The local-deploy command will give instructions on how to start a MySQL and Cromwell server. Leave the server running in a terminal and open another to submit the jobs as described in the section Run workflows.

Setup to run in High performance computing (HPC) with Caper

What we like about Caper: do not require MySQL to Call Cache; adaptability to different systems; provide easy way to edit backend in case of HPC specificity; easy to use.

Install Caper with pip:

module load GCCcore/12.2.0 Python/3.10.8  # Libraries required for using pip in my specific HPC (search the ones in yours)
module load Java/17.0.2 # Java will also be required to run Caper
pip install --target=/scratch/user/chtaniguti/caper caper  # I didn't install it in the home directory because I have limited space/number of files there
export PATH=$PATH:/scratch/user/chtaniguti/caper/bin/ # You can add this line to the .bashrc file usually located in the home directory to avoid the need of running it every time you connect

Caper has many options for configurations depending on your system. Here, we show how to run in an HPC with slurm management system and singularity containers. Please, check Caper documentation for other options.

# Create a default.conf in my home directory
caper init slurm 

As I said before, I don’t have much space in my home directory, so I opened the default.conf file and changed the local-loc-dir. I also changed the resources for the leader job, reducing the default time and memory because we are running just a subset in this tutorial. Check here other options of configuration in default.conf.

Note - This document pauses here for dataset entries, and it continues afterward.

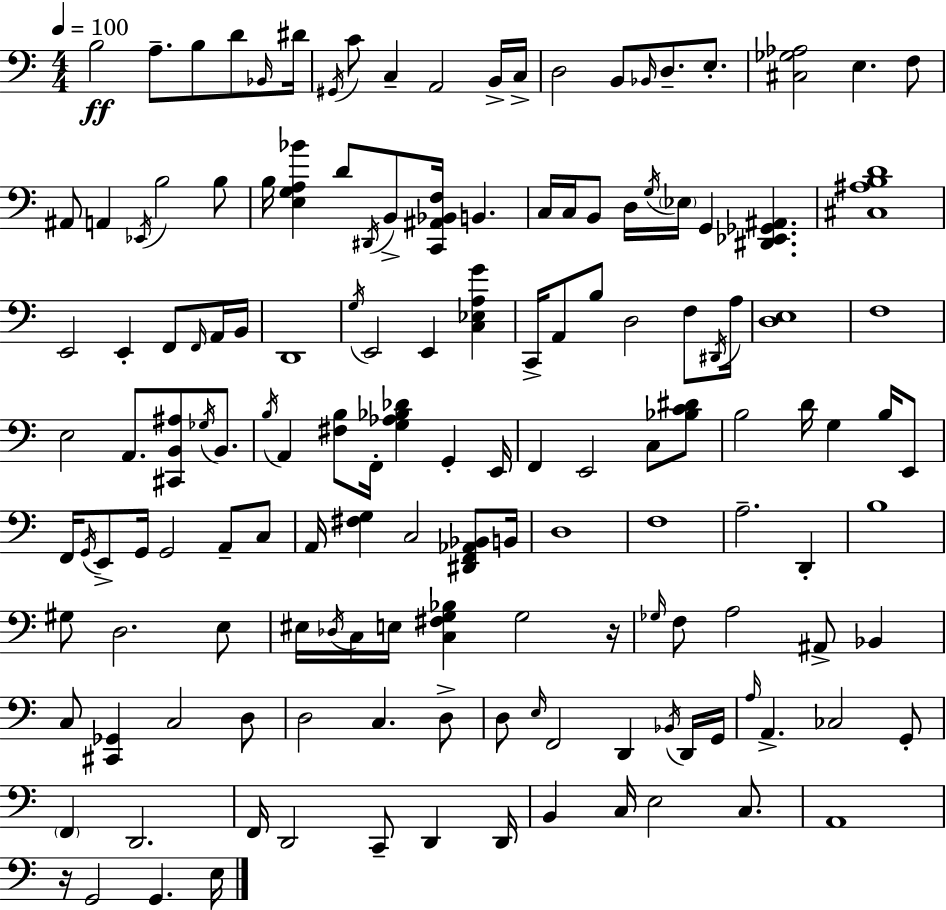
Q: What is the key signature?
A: A minor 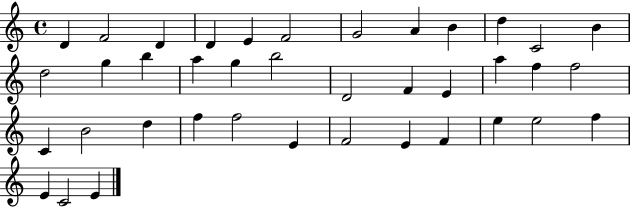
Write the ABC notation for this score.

X:1
T:Untitled
M:4/4
L:1/4
K:C
D F2 D D E F2 G2 A B d C2 B d2 g b a g b2 D2 F E a f f2 C B2 d f f2 E F2 E F e e2 f E C2 E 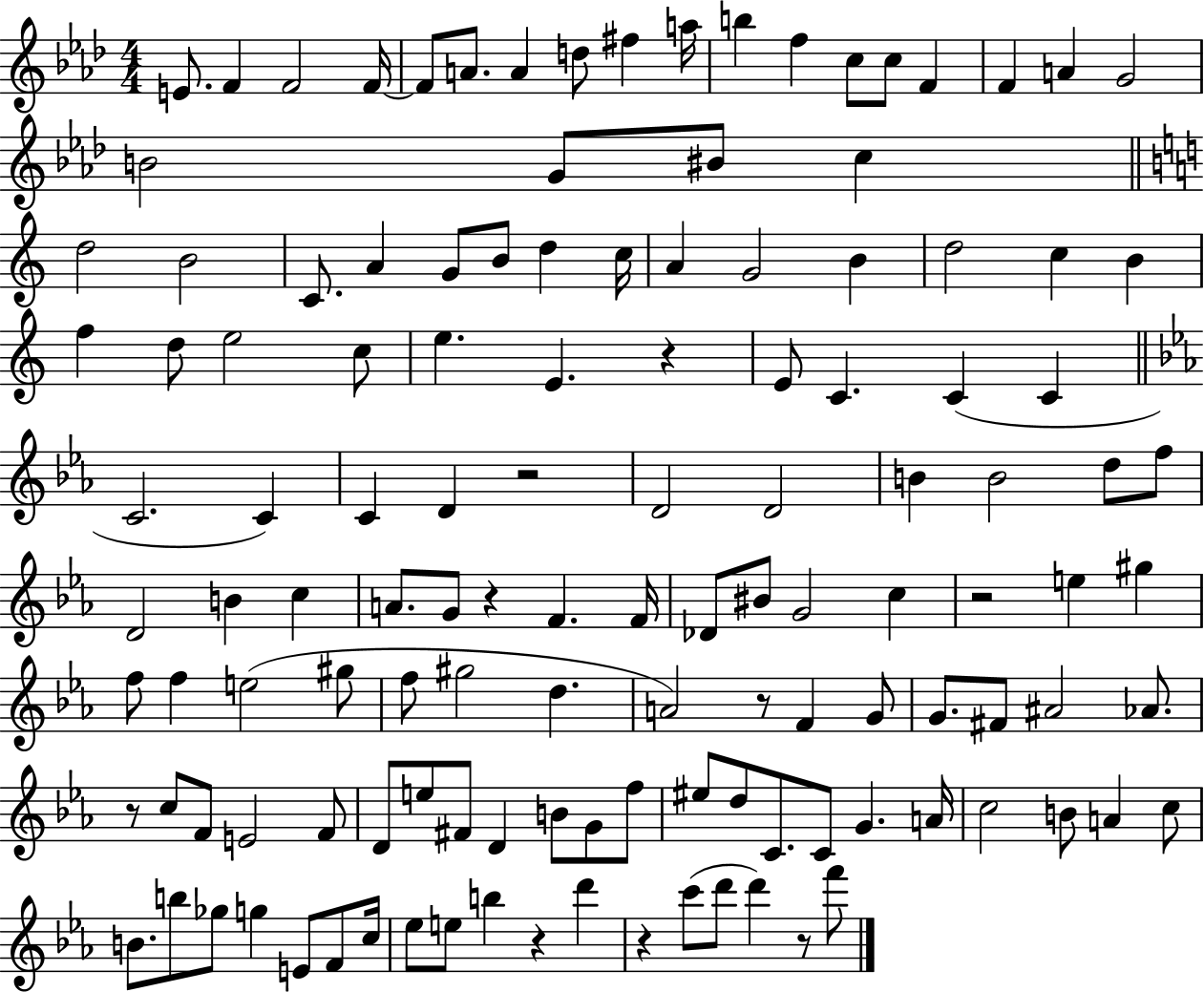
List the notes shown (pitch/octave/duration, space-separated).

E4/e. F4/q F4/h F4/s F4/e A4/e. A4/q D5/e F#5/q A5/s B5/q F5/q C5/e C5/e F4/q F4/q A4/q G4/h B4/h G4/e BIS4/e C5/q D5/h B4/h C4/e. A4/q G4/e B4/e D5/q C5/s A4/q G4/h B4/q D5/h C5/q B4/q F5/q D5/e E5/h C5/e E5/q. E4/q. R/q E4/e C4/q. C4/q C4/q C4/h. C4/q C4/q D4/q R/h D4/h D4/h B4/q B4/h D5/e F5/e D4/h B4/q C5/q A4/e. G4/e R/q F4/q. F4/s Db4/e BIS4/e G4/h C5/q R/h E5/q G#5/q F5/e F5/q E5/h G#5/e F5/e G#5/h D5/q. A4/h R/e F4/q G4/e G4/e. F#4/e A#4/h Ab4/e. R/e C5/e F4/e E4/h F4/e D4/e E5/e F#4/e D4/q B4/e G4/e F5/e EIS5/e D5/e C4/e. C4/e G4/q. A4/s C5/h B4/e A4/q C5/e B4/e. B5/e Gb5/e G5/q E4/e F4/e C5/s Eb5/e E5/e B5/q R/q D6/q R/q C6/e D6/e D6/q R/e F6/e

local-loc-dir=/scratch/user/chtaniguti/caper

slurm-leader-job-resource-param=-t 2:00:00 --mem 4G --nodes 1

To pull the singularity images, we will need to have internet access. My HPC requires a specific module to provide internet access to the nodes. Because of these particularity, I needed to modify the backend configurations of caper. They explain how to do it in this section of their documentation. Also, because of the space, I need to modify the default directories for singularity cache and images.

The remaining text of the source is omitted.